- **TASK PROMPT**
Your copy should hold every record exactly and no images.

Crawled caption data
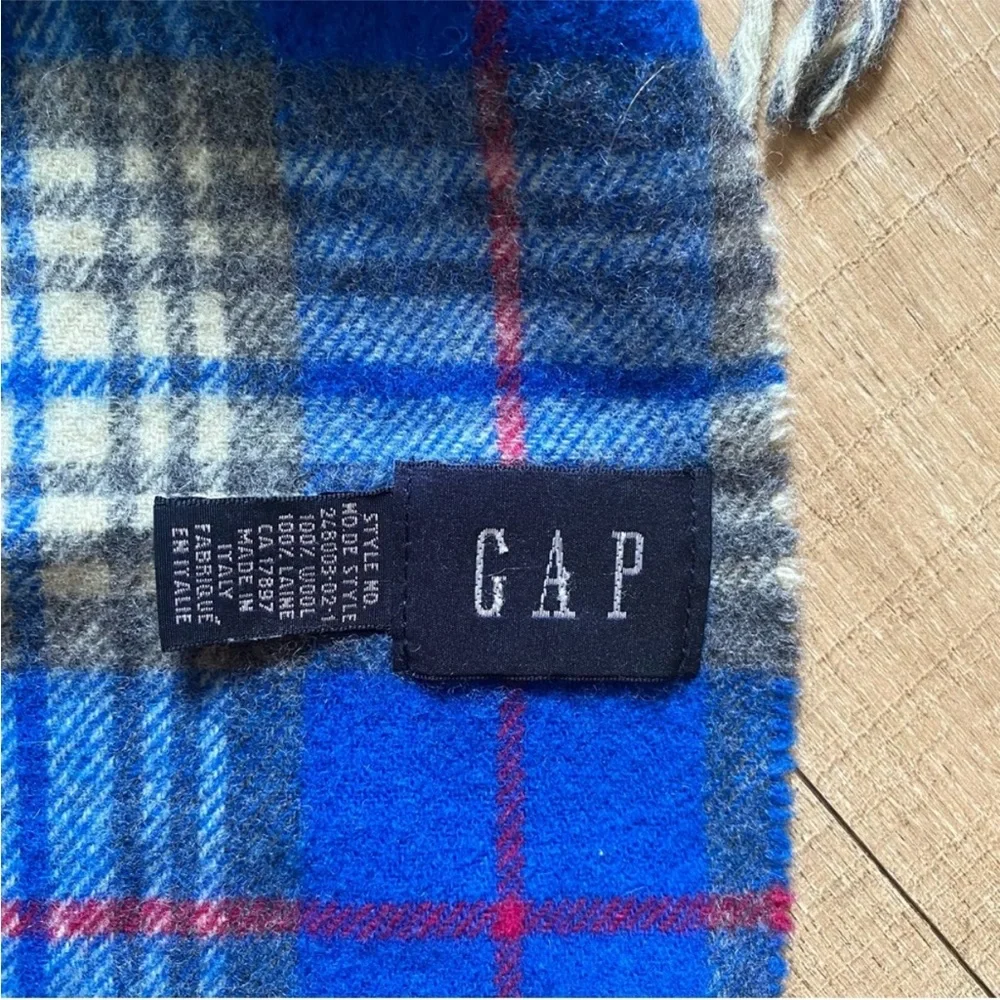 VTG GAP Italian made 100% wool Blue and Gray Plaid Scarf fringe cold weather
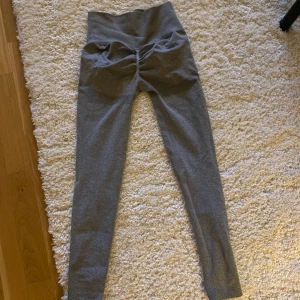 Grå gymtights - (Tredje bilden är lånad) grå gymtights i bra skick med scrunch i rumpan, formar kroppen fint💕 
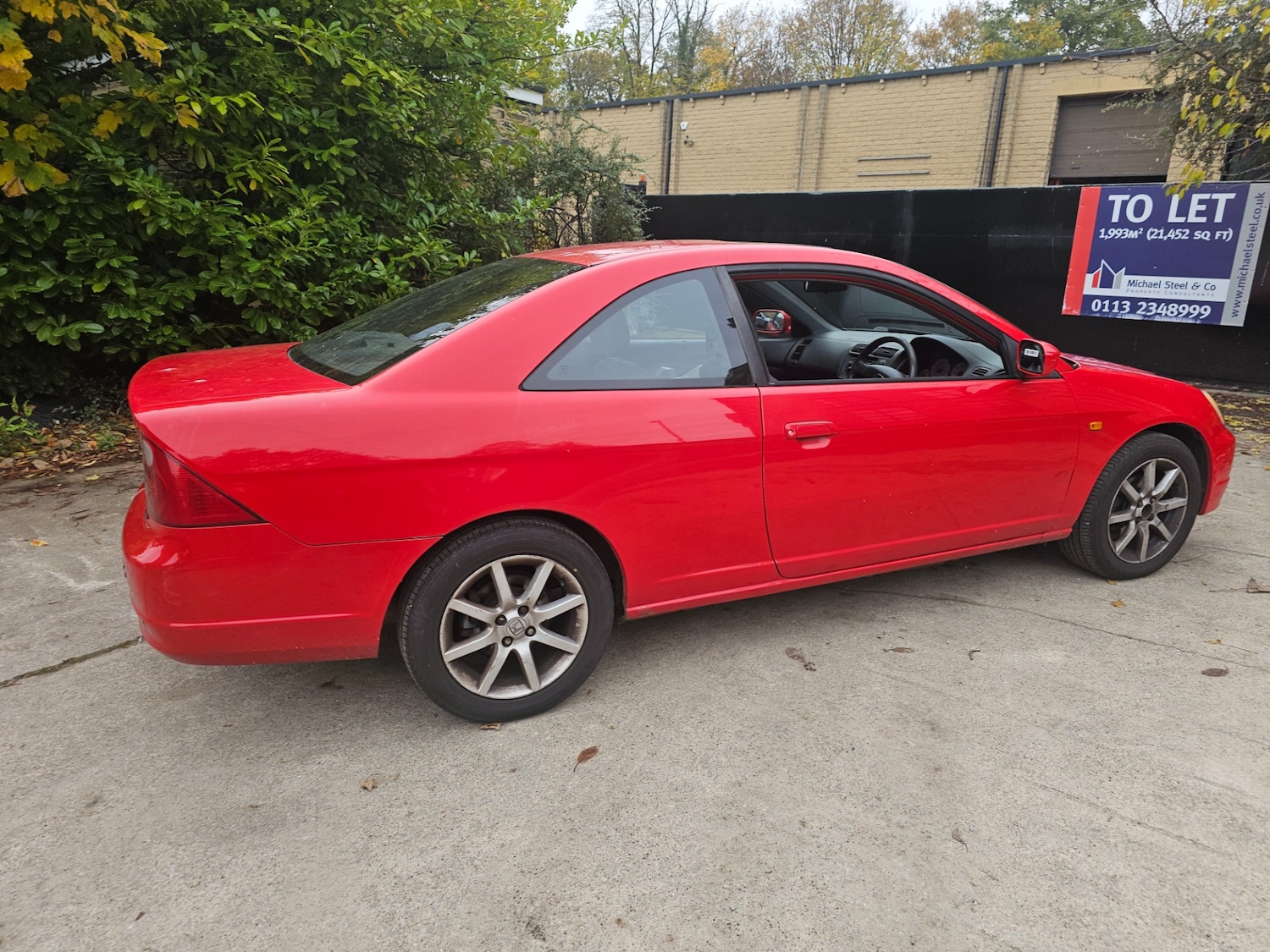 Used Honda Civic 2003 for sale - 76408331: Photo 3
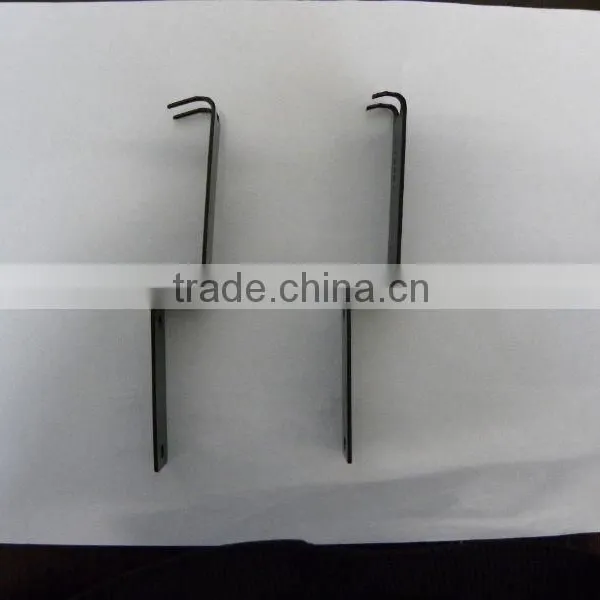 Weft insertion yarn feeding metal hook for warp kniting machine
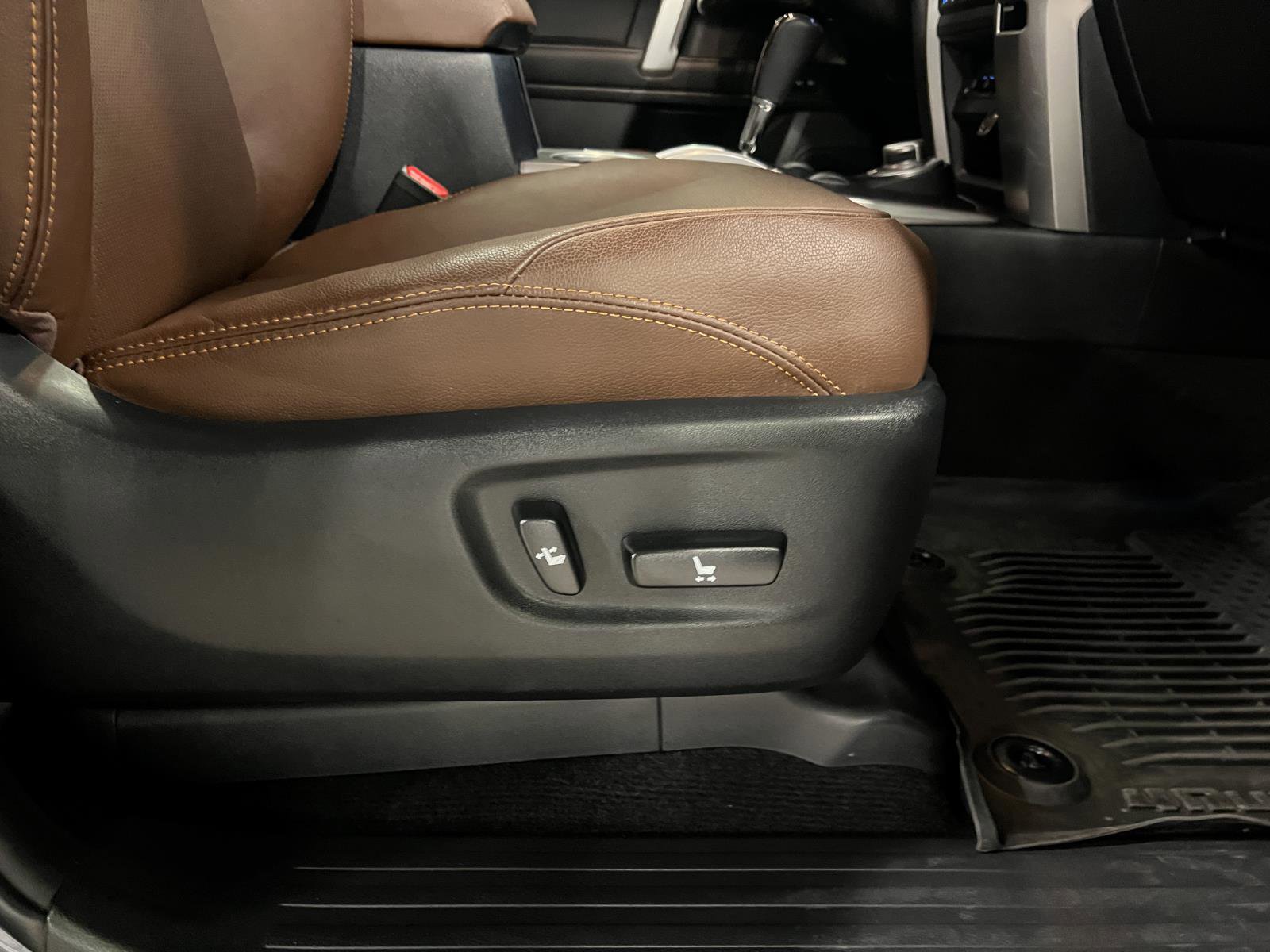 Used 2023 Toyota 4Runner Limited image 38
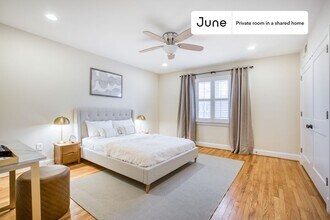 Building Photo - Room in Shared 3 bed/2 bath home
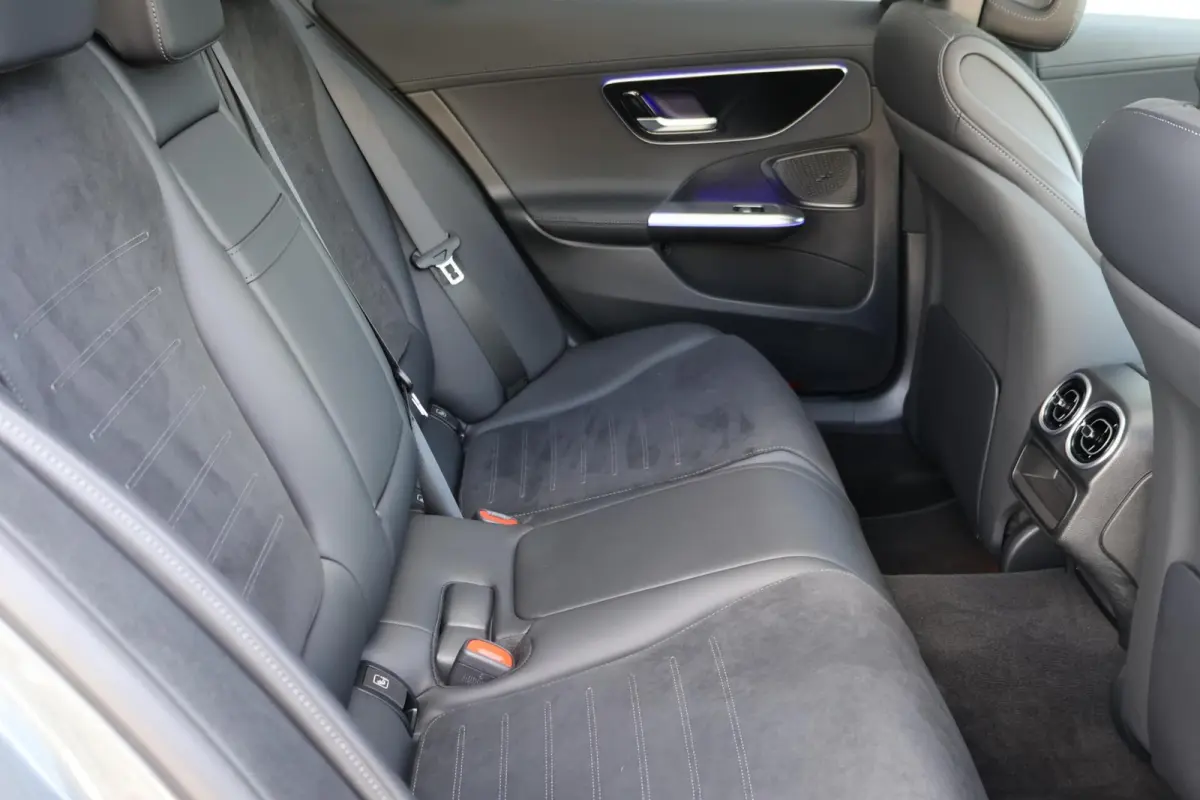 300 d AMG Line / Panoramadak / Memory Stoelen / Burmester Surround / Night Pakket / Trekhaak Wegklapbaar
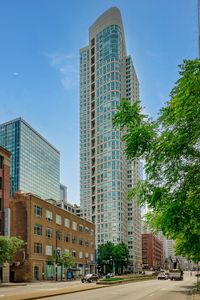 345 N La Salle Dr APT 1501, Chicago, IL, 60654
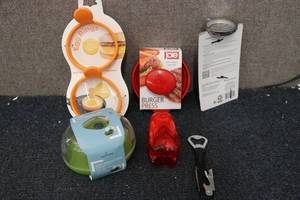 lot 217 image: Kitchen gadgets egg rings, burger p...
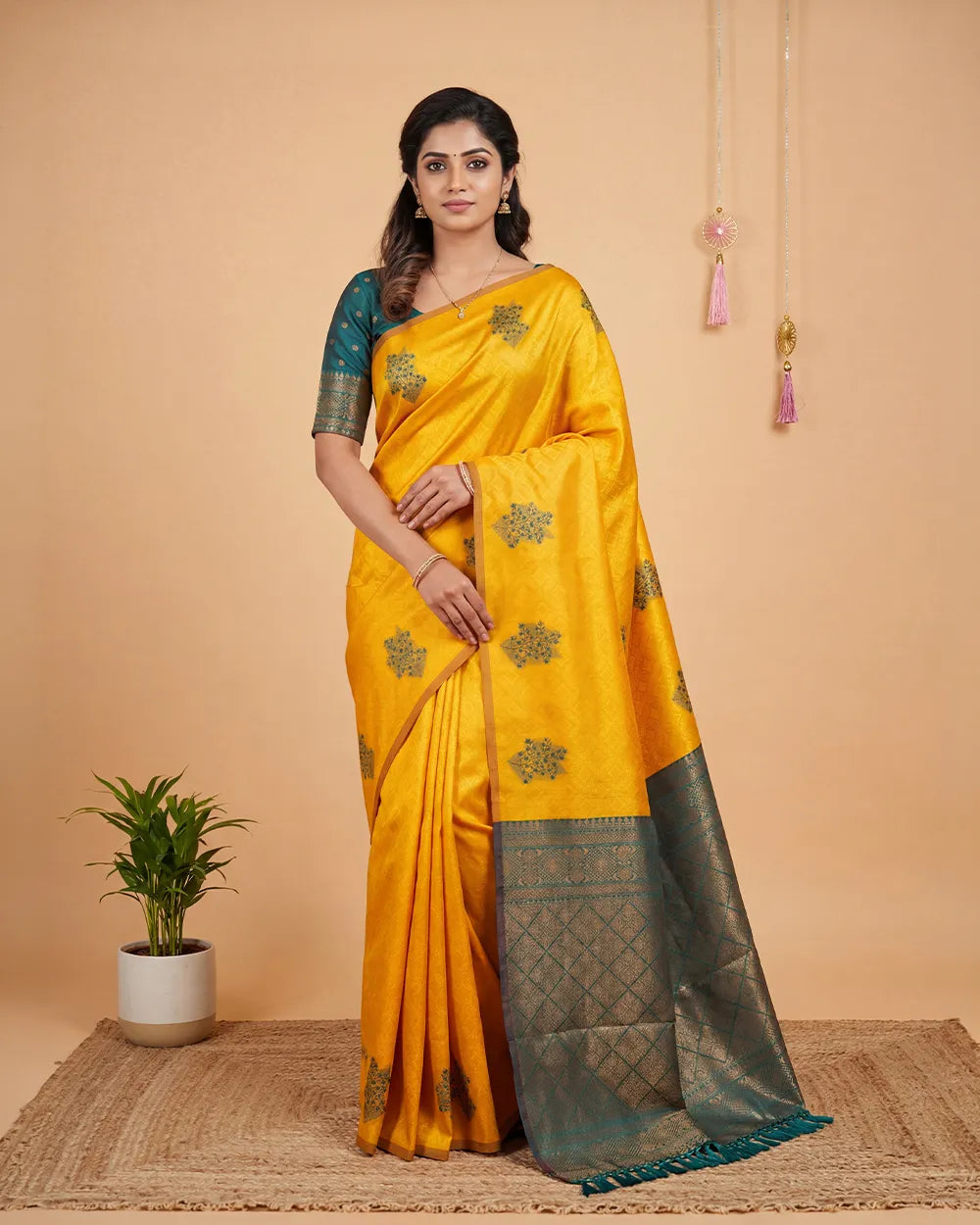 SC6674 - LITCHI SILK SAREE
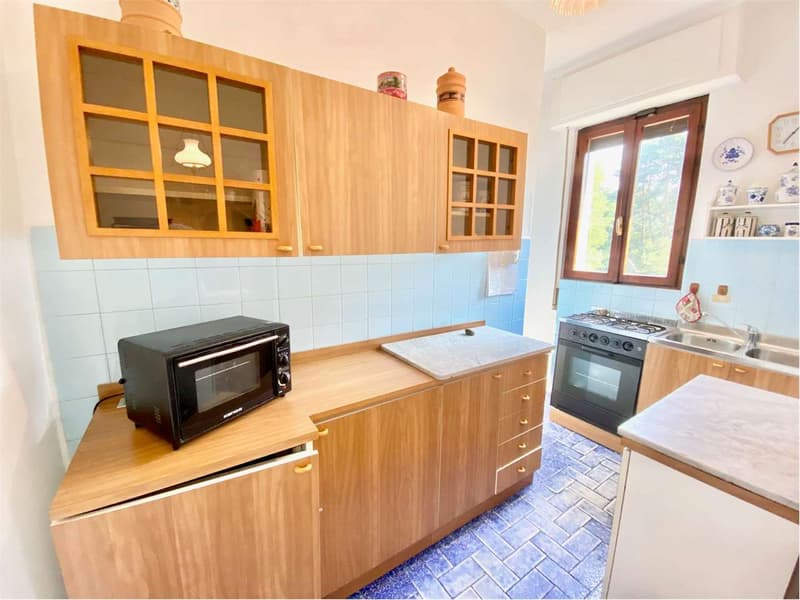 Splendida casa indipendente in una posizione tranquilla  e soleggiata (6)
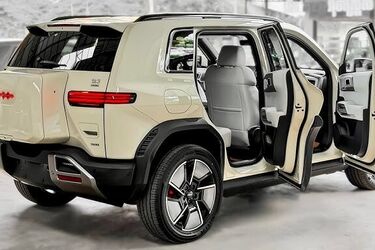 Які автомобілі з Китаю найпопулярніші в Україні: названо топ моделей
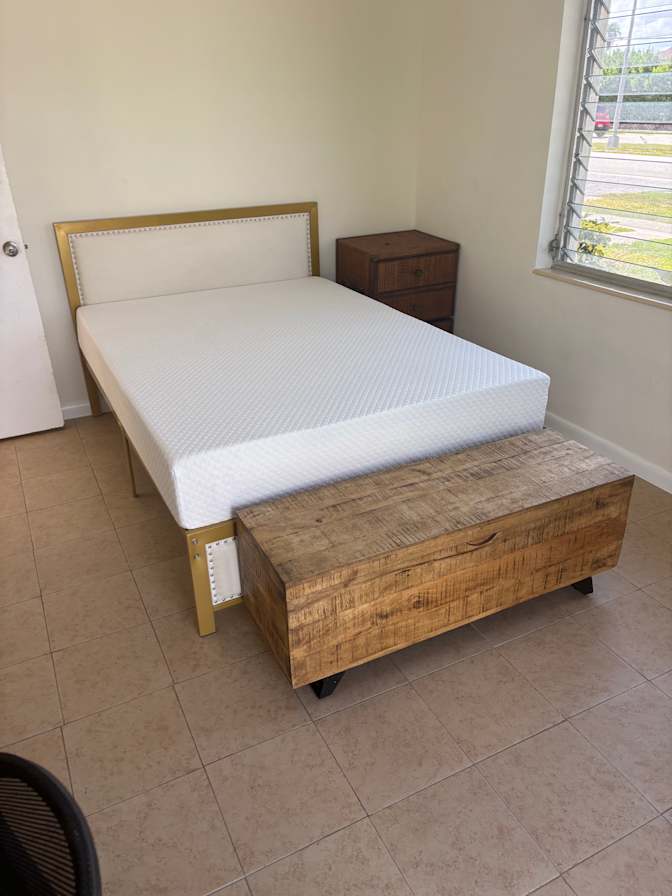 Gerry's room
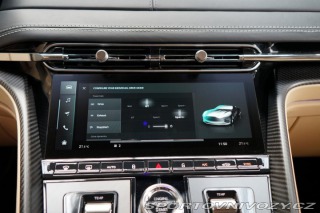 Aston Martin DB12 500kW V8 B&W Ceramic 2024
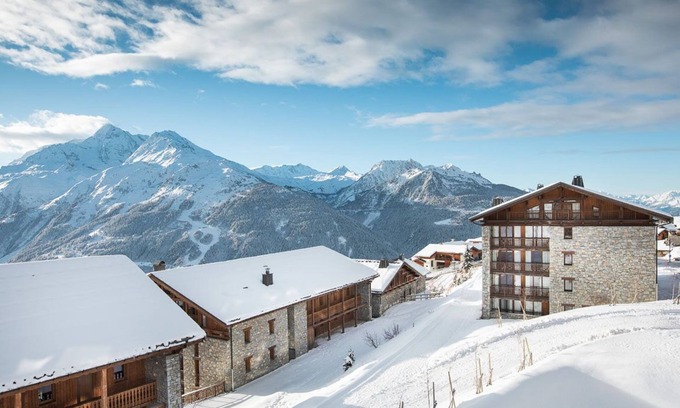 Les Eucherts Condo | Ski aux pieds | T8 pour 16 + sauna privé | Piscine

- **SOLUTION**
 VTG GAP Italian made 100% wool Blue and Gray Plaid Scarf fringe cold weather
 Grå gymtights - (Tredje bilden är lånad) grå gymtights i bra skick med scrunch i rumpan, formar kroppen fint💕 
 Used Honda Civic 2003 for sale - 76408331: Photo 3
 Weft insertion yarn feeding metal hook for warp kniting machine
 Used 2023 Toyota 4Runner Limited image 38
 Building Photo - Room in Shared 3 bed/2 bath home
 300 d AMG Line / Panoramadak / Memory Stoelen / Burmester Surround / Night Pakket / Trekhaak Wegklapbaar
 345 N La Salle Dr APT 1501, Chicago, IL, 60654
 lot 217 image: Kitchen gadgets egg rings, burger p...
 SC6674 - LITCHI SILK SAREE
 Splendida casa indipendente in una posizione tranquilla  e soleggiata (6)
 Які автомобілі з Китаю найпопулярніші в Україні: названо топ моделей
 Gerry's room
 Aston Martin DB12 500kW V8 B&W Ceramic 2024
 Les Eucherts Condo | Ski aux pieds | T8 pour 16 + sauna privé | Piscine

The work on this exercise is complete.